#### [ASSIGNMENT]
Among the entries below, only the lines starting at the one with "Negativní prostorové tetovací" and ending at the one with "Eastin Grand Hotel", both included, are to be printed exactly.

#### [DATA]
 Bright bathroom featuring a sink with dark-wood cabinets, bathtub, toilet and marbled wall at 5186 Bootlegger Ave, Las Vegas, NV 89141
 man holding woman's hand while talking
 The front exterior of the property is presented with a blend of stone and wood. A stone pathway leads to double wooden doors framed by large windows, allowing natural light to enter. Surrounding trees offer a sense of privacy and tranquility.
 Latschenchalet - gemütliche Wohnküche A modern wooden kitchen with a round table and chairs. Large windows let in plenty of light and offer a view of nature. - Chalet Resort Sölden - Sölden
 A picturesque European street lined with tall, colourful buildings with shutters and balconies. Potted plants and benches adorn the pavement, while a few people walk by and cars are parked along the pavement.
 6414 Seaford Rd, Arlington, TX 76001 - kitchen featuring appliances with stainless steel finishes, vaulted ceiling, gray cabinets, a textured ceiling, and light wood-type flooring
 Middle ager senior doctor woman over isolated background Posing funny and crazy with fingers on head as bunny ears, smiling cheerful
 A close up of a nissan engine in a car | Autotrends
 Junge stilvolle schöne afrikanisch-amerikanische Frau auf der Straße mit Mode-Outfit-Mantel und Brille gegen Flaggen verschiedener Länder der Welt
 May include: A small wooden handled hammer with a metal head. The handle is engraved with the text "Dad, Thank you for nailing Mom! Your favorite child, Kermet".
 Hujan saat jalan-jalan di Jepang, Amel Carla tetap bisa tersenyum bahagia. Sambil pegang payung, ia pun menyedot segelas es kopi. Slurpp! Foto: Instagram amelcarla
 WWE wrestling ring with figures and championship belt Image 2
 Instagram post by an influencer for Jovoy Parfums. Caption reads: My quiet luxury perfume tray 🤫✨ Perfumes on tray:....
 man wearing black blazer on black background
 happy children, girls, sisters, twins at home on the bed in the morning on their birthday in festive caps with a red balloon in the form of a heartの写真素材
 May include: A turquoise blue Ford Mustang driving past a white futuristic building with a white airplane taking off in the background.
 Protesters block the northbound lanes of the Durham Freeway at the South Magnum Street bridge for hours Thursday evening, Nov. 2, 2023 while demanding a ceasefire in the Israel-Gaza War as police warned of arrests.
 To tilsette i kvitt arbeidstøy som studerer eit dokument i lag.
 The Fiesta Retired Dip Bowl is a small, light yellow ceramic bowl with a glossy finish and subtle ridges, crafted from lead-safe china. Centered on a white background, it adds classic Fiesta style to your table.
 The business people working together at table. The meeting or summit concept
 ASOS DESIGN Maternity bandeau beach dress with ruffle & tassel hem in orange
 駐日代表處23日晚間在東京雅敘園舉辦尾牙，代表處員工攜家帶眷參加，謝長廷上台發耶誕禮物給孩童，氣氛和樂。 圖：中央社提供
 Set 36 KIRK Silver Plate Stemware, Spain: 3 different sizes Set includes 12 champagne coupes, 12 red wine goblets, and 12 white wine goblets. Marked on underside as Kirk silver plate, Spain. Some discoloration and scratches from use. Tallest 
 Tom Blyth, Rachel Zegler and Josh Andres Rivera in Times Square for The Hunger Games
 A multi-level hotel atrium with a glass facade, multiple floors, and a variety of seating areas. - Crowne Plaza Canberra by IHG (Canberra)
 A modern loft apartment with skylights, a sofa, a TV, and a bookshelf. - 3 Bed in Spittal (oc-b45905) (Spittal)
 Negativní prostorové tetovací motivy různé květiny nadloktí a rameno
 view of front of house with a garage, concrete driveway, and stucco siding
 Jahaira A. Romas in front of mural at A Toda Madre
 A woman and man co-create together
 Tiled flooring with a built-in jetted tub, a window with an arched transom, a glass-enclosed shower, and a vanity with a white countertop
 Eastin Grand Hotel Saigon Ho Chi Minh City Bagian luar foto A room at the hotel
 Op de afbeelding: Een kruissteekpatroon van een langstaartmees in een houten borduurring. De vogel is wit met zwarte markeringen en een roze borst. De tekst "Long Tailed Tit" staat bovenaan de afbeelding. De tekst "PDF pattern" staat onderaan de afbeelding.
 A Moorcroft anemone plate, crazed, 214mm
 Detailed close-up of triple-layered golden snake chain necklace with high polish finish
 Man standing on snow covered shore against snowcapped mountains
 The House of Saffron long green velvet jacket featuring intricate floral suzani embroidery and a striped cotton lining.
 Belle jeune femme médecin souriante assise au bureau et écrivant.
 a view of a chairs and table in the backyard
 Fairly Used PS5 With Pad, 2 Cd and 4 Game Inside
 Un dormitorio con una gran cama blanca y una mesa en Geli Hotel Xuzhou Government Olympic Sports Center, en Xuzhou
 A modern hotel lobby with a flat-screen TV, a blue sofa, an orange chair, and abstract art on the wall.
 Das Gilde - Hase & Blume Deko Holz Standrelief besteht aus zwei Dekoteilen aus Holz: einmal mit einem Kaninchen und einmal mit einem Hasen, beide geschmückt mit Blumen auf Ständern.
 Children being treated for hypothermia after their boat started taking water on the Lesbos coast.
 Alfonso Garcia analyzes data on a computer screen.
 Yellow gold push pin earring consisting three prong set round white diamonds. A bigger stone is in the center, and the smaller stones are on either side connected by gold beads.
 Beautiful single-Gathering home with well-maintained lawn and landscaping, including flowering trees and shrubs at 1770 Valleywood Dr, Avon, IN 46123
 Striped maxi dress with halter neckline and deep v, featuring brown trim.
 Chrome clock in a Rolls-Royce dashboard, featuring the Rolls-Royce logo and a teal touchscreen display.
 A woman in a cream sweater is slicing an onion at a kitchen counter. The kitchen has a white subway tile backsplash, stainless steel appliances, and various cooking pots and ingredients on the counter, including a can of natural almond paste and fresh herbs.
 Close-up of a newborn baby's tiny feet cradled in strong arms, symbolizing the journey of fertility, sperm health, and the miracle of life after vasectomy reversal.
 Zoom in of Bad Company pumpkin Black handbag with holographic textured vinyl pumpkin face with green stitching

#### [FINISHED EXERCISE]
 Negativní prostorové tetovací motivy různé květiny nadloktí a rameno
 view of front of house with a garage, concrete driveway, and stucco siding
 Jahaira A. Romas in front of mural at A Toda Madre
 A woman and man co-create together
 Tiled flooring with a built-in jetted tub, a window with an arched transom, a glass-enclosed shower, and a vanity with a white countertop
 Eastin Grand Hotel Saigon Ho Chi Minh City Bagian luar foto A room at the hotel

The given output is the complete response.